Top of DATA FOR THE TASK

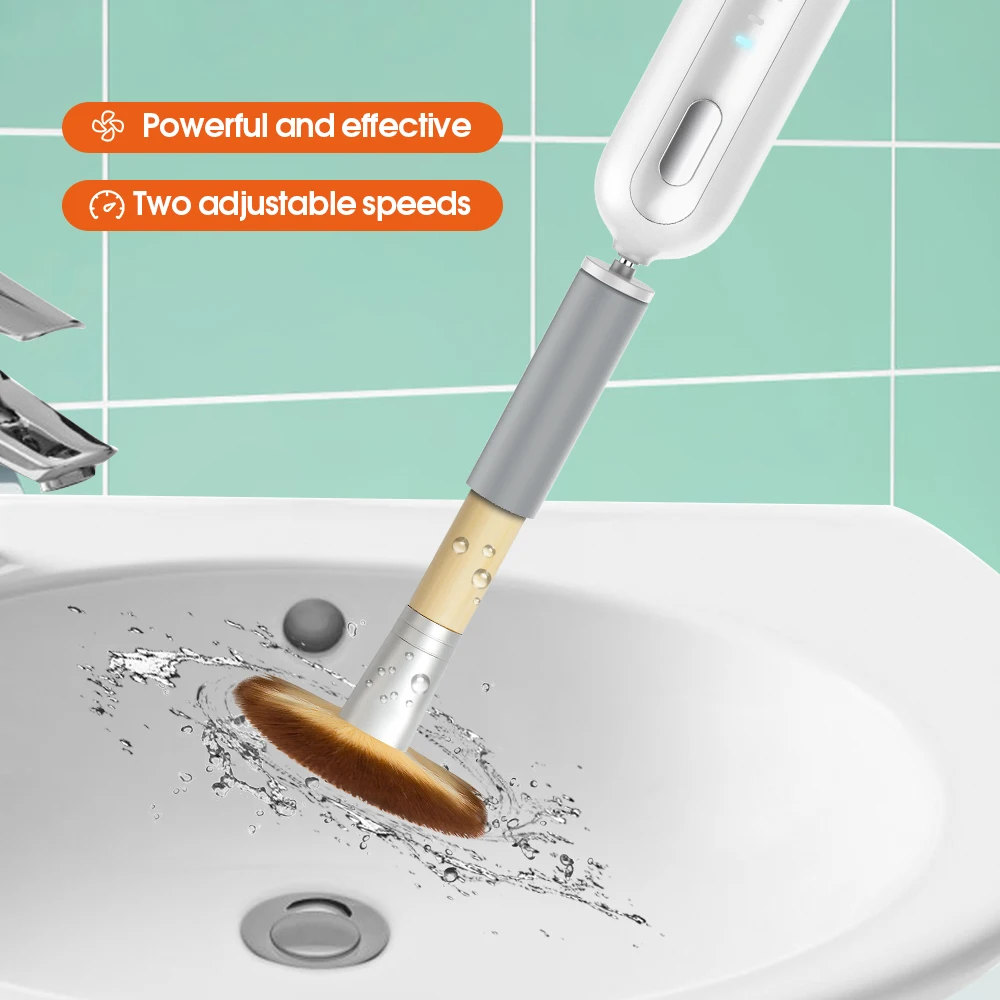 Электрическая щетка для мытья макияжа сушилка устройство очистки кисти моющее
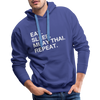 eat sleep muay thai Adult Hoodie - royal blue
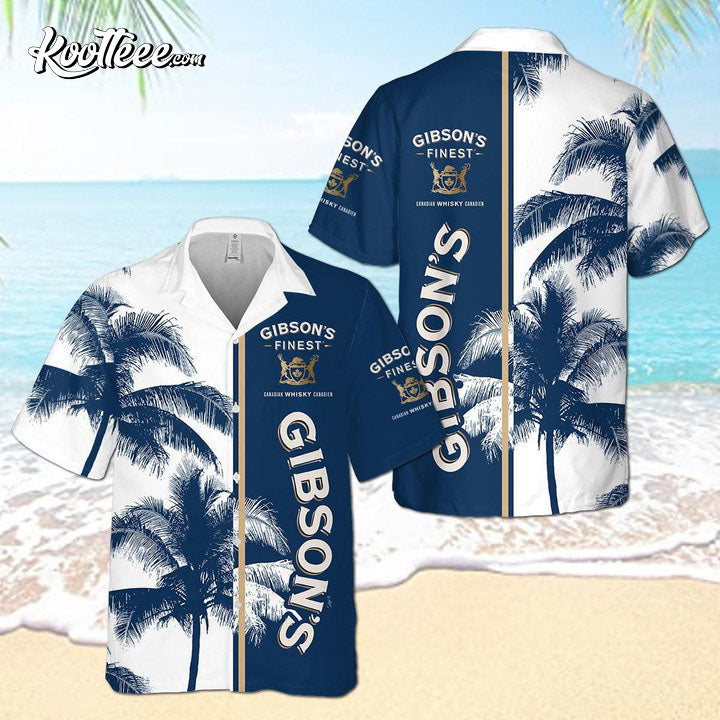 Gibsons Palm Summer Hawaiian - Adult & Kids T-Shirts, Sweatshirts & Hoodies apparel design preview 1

Bottom of DATA FOR THE TASK
Top of DATA FOR THE TASK

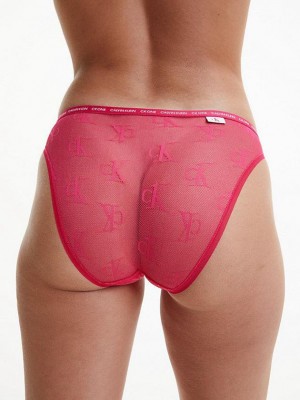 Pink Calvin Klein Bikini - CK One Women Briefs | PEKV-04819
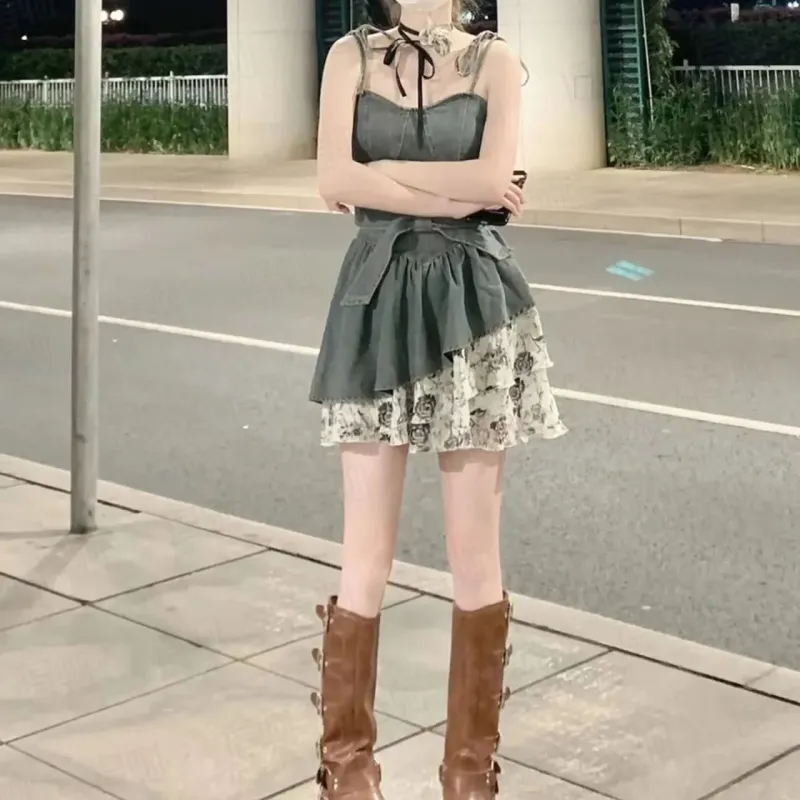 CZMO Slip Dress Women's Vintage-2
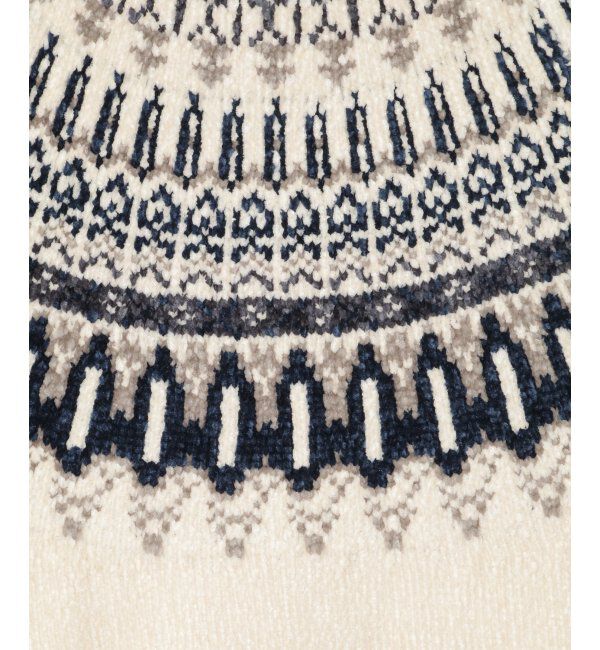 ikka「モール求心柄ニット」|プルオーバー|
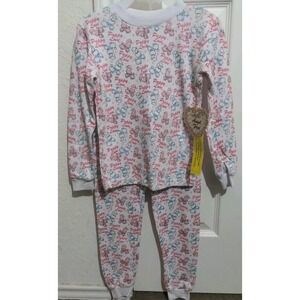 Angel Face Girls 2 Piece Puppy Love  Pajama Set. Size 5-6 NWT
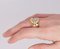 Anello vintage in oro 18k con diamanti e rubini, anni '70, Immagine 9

Bottom of DATA FOR THE TASK

■ **EXERCISE PROMPT**: Everything above from the line containing "Электрическая щетка для" down to the line containing "Gibsons Palm Summer" is to be duplicated exactly, both lines included, and the pictures are to be omitted.

■ **ANSWER SECTION**:
 Электрическая щетка для мытья макияжа сушилка устройство очистки кисти моющее
 eat sleep muay thai Adult Hoodie - royal blue
 Gibsons Palm Summer Hawaiian - Adult & Kids T-Shirts, Sweatshirts & Hoodies apparel design preview 1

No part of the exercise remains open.